Marketing de Contenidos en la Industria Vitivinícola

Marketing de Contenidos en la Industria Vitivinícola

Construir una imagen de marca consistente utilizando las redes sociales es una tarea ardua; se requiere perseverancia y ensayo para poder alcanzar el éxito. El trabajo puede dificultarse aún más si nuestra empresa tiene un público amplio y en permanente crecimiento; sin embargo, como sucede en todos los aspectos del Branding, una cuidadosa planificación y un seguimiento reflexivo de lo que los usuarios hablan acerca de nuestra marca (buzz) puede guiarnos en la elaboración de contenido de calidad.

¿El buen Marketing es capaz de conseguir que las personas respondan como nosotros deseamos? No. Pero puede presentar nuestra marca de la forma más adecuada y beneficiosa. Con este objetivo en mente, es importante descubrir qué quieren los consumidores, cómo toman las decisiones, por qué eligen las marcas que eligen y, finalmente, cómo y a través de qué medios debemos hablarles.

Según Wikipedia, el Marketing de Contenidos es el arte de entender exactamente qué necesitan saber tus clientes y entregárselo de forma pertinente y convincente. En otras palabras, consiste en crear y distribuir contenido relevante para clientes y potenciales clientes con el objetivo de atraerlos hacia la empresa y crear una conexión con ellos. Esto significa que no debe ser contenido promocional, sino, contrariamente, contenido útil y relevante. Así es como creamos un valor único que eleva la visibilidad de nuestra marca y permite entregar a las audiencias información consistente y valiosa para ganar su lealtad. Además, el contenido que producimos es una poderosa llave de diferenciación ante la competencia.

¿De qué habla un foreign consumer cuando habla del vino Argentino en las redes sociales?

Si bien no podemos generalizar en este aspecto, es fácil notar que el público anglosajón conoce mucho más de vino argentino que el consumidor latinoamericano. Saben lo que quieren, interactúan con confianza y aprecian el contenido educativo.

Por un lado, los más jóvenes se entusiasman con poder distinguir y elegir un vino para un evento determinado, valoran el saber maridarlo con un menú especial y confían en las recomendaciones que sus pares puedan hacer en las redes sociales, blogs o apps específicas. No se guían tanto por las pomposas puntuaciones o premios que un vino pueda tener, sino que -al mejor estilo TripAdvisor- confían en la experiencia de un consumidor semejante a ellos.

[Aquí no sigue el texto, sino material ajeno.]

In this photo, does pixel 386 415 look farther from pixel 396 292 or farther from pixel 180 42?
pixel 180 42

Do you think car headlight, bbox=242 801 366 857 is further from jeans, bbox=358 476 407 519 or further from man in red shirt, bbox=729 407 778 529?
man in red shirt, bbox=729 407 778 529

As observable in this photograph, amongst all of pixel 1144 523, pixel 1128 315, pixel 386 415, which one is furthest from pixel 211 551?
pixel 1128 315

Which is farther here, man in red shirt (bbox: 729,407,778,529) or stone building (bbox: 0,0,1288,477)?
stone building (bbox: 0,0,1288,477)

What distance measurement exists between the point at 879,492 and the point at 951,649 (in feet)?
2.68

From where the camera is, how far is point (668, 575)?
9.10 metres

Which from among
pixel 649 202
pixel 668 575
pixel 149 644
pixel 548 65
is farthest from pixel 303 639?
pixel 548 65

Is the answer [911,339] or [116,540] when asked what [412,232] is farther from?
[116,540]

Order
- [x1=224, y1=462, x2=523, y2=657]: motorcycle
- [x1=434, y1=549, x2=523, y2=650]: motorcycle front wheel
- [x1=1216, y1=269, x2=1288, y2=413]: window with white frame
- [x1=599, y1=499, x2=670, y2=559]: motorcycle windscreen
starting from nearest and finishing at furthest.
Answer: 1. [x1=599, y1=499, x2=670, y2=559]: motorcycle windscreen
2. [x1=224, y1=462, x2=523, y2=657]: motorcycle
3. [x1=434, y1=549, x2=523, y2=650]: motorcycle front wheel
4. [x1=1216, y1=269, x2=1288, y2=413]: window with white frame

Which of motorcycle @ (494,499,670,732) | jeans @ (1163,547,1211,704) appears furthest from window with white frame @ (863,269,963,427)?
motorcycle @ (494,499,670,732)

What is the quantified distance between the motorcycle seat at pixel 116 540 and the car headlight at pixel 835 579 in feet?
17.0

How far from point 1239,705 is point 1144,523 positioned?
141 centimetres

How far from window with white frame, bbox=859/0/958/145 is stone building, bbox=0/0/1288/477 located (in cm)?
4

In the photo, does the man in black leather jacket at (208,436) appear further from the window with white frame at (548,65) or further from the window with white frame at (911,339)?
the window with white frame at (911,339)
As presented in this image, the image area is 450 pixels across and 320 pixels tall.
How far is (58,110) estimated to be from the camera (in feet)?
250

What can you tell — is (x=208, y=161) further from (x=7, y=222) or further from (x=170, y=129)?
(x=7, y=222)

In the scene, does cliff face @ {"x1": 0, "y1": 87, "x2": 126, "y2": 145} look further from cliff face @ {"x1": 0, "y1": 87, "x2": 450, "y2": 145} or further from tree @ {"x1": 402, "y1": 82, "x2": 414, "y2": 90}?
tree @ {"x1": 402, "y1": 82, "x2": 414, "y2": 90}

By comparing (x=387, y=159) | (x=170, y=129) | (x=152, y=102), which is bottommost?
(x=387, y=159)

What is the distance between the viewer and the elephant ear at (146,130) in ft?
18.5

Los adultos, en cambio, aprecian el poder comprender cuáles son los detalles que hacen de “ese” vino preferido, un vino especial.
Conocen los maridajes clásicos, los aromas del Torrontés y el Malbec, incluso tienen sus marcas favoritas a quienes les son fieles.
Difunden las novedades de las bodegas y pueden reconocer distintas marcas. Son consumidores leales que le dan valor al conocimiento más profundo sobre vino.

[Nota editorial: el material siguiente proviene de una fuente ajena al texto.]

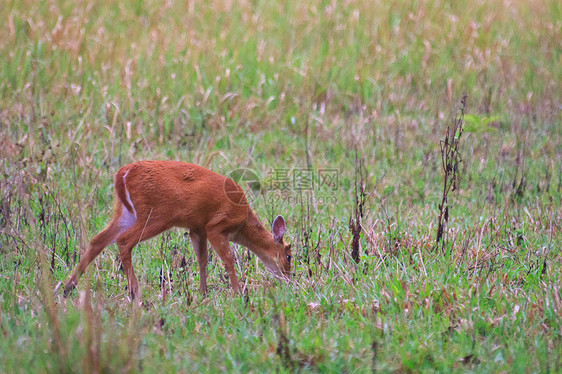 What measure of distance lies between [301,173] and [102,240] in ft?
10.6

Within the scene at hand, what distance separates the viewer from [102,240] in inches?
179

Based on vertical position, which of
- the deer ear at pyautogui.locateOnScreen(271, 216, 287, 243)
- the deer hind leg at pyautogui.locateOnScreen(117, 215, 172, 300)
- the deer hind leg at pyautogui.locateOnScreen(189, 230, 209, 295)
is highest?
the deer hind leg at pyautogui.locateOnScreen(117, 215, 172, 300)

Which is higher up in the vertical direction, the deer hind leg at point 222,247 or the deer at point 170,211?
the deer at point 170,211

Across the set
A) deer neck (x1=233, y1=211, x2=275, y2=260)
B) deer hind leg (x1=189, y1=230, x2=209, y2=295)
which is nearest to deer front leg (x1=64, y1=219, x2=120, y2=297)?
deer hind leg (x1=189, y1=230, x2=209, y2=295)

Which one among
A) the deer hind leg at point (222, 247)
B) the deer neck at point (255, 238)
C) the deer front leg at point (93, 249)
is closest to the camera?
the deer front leg at point (93, 249)

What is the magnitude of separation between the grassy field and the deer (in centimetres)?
21

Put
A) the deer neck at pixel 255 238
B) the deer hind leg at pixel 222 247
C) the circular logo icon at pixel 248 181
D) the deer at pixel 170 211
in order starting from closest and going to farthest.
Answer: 1. the deer at pixel 170 211
2. the deer hind leg at pixel 222 247
3. the deer neck at pixel 255 238
4. the circular logo icon at pixel 248 181

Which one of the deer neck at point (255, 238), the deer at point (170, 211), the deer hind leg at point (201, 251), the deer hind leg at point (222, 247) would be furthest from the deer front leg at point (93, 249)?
the deer neck at point (255, 238)

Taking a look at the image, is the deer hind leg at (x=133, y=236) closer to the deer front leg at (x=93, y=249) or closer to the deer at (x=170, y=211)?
the deer at (x=170, y=211)

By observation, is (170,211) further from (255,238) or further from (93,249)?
(255,238)

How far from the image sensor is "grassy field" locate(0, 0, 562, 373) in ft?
11.3

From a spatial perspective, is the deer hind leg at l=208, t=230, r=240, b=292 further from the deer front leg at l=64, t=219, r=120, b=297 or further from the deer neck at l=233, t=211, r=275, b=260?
the deer front leg at l=64, t=219, r=120, b=297

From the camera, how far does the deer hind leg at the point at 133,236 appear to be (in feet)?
14.4

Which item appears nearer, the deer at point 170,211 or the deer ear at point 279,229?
Result: the deer at point 170,211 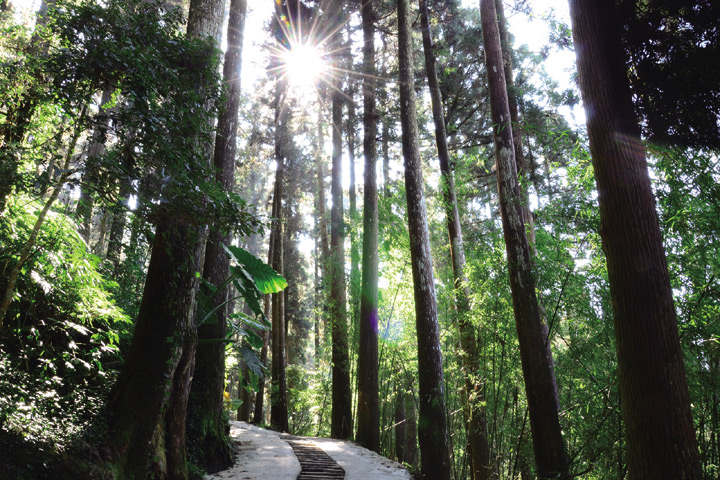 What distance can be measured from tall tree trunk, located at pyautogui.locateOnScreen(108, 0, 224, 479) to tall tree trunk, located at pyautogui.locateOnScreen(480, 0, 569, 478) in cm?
368

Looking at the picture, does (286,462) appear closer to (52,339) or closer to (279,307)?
(52,339)

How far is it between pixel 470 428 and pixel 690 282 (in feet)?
12.4

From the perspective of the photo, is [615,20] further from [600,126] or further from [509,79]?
[509,79]

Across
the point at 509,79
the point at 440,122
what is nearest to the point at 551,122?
the point at 509,79

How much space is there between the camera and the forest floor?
4.79m

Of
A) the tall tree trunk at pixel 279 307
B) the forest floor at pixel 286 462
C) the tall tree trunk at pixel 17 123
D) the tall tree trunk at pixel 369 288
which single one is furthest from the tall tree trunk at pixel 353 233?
the tall tree trunk at pixel 17 123

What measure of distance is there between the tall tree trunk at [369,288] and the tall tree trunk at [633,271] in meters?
5.37

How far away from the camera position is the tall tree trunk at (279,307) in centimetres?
1152

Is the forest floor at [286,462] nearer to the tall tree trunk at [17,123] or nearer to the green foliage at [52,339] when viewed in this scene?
the green foliage at [52,339]

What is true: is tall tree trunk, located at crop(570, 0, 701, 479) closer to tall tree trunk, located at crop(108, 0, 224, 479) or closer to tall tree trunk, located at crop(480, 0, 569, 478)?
tall tree trunk, located at crop(480, 0, 569, 478)

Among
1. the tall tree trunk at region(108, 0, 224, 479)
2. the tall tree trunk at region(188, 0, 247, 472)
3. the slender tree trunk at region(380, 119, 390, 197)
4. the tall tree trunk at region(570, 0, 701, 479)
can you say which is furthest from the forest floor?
the slender tree trunk at region(380, 119, 390, 197)

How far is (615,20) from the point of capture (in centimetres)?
327

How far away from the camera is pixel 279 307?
12.4 metres

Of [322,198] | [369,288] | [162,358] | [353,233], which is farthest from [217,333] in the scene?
[322,198]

Un reciente estudio interno demostró que en nuestras redes sociales las conversaciones que giran en torno al Malbec, varietal emblema y, por ende, el más conocido por nuestros seguidores, son en un 52% relativas al gusto por la variedad en sí y sus características, en un 38% relativas a los recuerdos y asociaciones con el país y el “ser argentino”, y en un 10% giran en torno a maridajes y platos típicos del país.

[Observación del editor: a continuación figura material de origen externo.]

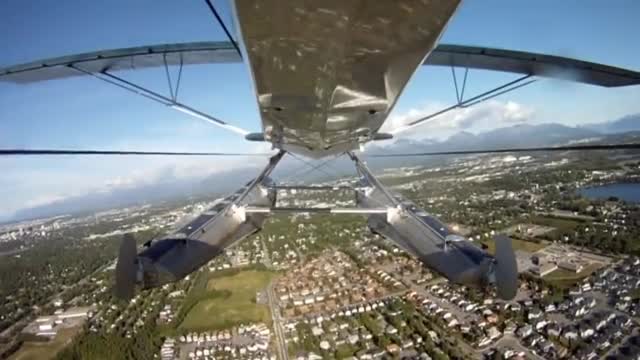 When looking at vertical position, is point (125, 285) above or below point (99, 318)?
above

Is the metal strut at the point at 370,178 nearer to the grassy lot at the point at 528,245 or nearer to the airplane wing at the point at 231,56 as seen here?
the airplane wing at the point at 231,56

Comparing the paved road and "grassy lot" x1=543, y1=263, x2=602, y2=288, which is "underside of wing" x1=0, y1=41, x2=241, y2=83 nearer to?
the paved road

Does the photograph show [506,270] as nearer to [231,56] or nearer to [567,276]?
[231,56]

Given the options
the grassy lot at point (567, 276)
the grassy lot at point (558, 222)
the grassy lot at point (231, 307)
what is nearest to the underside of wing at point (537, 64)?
the grassy lot at point (231, 307)

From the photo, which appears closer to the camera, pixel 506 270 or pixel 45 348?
pixel 506 270

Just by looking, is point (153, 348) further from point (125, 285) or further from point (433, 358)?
point (125, 285)

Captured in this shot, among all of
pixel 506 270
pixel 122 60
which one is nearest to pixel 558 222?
pixel 506 270

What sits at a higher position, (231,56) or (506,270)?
(231,56)

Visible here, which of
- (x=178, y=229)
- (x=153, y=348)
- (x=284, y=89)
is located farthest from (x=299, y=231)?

Estas cifras no sólo evidencian que el vino que identifica a la Argentina es de una calidad reconocida y gusta por su valor intrínseco, sino que también reflejan que el vino es un embajador paradigmático de la imagen país, de nuestra cultura y nuestros lugares. Por ello, concluimos que la imagen conceptual -esa que se construye en la mente del consumidor- se está logrando gracias a un buen trabajo en conjunto. Este esfuerzo por presentar a nuestro país como una nación en donde el vino está arraigado en nuestra cultura, está comenzando a dar sus frutos. La industria vitivinícola argentina y la marca “Wines of Argentina”, con sus pilares de marca basados en el “ser argentino”, tienen aún mucho por recorrer de la mano de sus consumidores. Creemos que es un camino largo y fructífero pero hemos dado el primer paso: elegir bien el sendero. Gracias por leernos.